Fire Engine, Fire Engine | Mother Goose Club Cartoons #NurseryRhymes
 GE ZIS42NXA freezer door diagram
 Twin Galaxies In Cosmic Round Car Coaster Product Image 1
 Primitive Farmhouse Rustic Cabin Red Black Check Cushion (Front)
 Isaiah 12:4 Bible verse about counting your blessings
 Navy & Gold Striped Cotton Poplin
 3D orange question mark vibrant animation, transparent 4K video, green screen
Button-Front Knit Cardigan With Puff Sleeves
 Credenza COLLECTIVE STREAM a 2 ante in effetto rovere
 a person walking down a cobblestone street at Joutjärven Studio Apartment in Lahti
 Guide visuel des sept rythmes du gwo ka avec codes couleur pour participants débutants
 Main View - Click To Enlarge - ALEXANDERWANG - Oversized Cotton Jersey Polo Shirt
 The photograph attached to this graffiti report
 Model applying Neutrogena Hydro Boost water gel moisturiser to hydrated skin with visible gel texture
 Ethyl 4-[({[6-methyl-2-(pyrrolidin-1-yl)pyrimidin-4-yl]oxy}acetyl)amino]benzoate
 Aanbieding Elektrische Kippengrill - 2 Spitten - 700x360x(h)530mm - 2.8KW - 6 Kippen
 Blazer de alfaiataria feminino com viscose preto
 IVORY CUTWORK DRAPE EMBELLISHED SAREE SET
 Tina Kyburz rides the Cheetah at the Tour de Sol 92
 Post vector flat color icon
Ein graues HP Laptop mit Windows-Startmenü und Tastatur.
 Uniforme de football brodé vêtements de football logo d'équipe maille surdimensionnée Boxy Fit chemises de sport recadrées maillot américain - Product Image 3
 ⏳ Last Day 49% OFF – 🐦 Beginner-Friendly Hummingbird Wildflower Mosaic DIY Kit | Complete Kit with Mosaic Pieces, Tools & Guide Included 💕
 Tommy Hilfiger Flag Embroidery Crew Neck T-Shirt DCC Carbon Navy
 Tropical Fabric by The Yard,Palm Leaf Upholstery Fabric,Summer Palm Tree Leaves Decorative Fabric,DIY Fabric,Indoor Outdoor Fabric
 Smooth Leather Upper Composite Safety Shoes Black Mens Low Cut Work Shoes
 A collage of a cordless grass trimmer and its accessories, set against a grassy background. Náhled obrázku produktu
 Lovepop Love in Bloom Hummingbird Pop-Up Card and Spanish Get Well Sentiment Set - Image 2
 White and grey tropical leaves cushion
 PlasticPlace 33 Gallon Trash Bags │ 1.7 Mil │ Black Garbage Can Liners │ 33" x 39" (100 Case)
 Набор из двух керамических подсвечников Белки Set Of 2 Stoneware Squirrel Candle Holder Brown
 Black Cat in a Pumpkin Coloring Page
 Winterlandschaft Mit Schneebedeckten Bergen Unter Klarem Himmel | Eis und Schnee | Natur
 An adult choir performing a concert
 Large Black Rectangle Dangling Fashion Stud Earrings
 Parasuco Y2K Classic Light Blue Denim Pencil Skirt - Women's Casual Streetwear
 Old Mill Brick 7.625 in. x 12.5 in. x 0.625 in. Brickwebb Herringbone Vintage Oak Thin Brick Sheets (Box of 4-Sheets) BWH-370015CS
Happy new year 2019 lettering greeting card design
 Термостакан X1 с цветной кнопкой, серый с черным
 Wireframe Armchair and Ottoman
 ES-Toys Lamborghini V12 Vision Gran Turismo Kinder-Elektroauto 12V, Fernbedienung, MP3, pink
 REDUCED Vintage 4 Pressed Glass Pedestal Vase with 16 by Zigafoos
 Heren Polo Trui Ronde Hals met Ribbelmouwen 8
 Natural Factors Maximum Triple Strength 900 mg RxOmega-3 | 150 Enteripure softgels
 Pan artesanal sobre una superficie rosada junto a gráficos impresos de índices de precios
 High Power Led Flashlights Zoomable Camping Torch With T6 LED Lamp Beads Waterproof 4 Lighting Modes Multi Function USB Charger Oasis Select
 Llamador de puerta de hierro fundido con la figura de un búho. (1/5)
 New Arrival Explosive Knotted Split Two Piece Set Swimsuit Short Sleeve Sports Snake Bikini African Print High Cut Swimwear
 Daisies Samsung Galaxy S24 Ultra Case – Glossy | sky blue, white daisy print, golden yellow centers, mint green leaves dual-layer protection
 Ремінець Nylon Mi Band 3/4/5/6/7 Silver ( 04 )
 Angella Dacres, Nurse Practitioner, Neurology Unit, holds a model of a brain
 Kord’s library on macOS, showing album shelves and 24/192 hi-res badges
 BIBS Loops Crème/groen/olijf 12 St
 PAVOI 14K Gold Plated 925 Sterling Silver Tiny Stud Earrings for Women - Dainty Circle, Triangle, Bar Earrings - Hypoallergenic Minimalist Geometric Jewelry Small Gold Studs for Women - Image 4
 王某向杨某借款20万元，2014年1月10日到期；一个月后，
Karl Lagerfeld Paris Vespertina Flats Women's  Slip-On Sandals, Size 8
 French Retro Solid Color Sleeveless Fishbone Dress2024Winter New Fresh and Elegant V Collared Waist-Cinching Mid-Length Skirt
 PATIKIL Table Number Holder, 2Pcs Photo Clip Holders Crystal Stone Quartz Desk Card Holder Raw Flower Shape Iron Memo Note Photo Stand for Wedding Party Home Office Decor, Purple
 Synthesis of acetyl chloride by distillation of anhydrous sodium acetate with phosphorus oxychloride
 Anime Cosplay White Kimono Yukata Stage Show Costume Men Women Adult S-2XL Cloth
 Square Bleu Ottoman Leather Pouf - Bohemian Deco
++++
• _TASK_: Lines from the records above that hold "Case" are the ones to list.

• _ANSWER TO THIS EXERCISE_:
 PlasticPlace 33 Gallon Trash Bags │ 1.7 Mil │ Black Garbage Can Liners │ 33" x 39" (100 Case)
 Daisies Samsung Galaxy S24 Ultra Case – Glossy | sky blue, white daisy print, golden yellow centers, mint green leaves dual-layer protection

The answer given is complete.